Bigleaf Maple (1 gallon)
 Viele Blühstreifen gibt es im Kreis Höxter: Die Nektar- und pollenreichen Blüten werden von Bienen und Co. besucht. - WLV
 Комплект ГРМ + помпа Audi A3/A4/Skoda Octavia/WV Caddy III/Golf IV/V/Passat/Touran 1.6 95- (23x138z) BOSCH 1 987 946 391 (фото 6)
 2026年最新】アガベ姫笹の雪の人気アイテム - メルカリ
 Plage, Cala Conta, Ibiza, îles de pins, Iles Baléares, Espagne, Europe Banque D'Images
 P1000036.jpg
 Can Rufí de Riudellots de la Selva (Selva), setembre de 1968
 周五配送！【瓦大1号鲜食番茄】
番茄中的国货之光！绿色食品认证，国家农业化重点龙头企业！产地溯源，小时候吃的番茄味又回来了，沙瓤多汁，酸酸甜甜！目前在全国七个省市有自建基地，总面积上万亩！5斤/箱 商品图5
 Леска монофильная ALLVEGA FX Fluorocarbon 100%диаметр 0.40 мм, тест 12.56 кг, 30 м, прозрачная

Work required: Copy out the line containing "Can Rufí de", then every line after it through the end of the listing, exactly and with nothing else.

Result of the exercise:
 Can Rufí de Riudellots de la Selva (Selva), setembre de 1968
 周五配送！【瓦大1号鲜食番茄】
番茄中的国货之光！绿色食品认证，国家农业化重点龙头企业！产地溯源，小时候吃的番茄味又回来了，沙瓤多汁，酸酸甜甜！目前在全国七个省市有自建基地，总面积上万亩！5斤/箱 商品图5
 Леска монофильная ALLVEGA FX Fluorocarbon 100%диаметр 0.40 мм, тест 12.56 кг, 30 м, прозрачная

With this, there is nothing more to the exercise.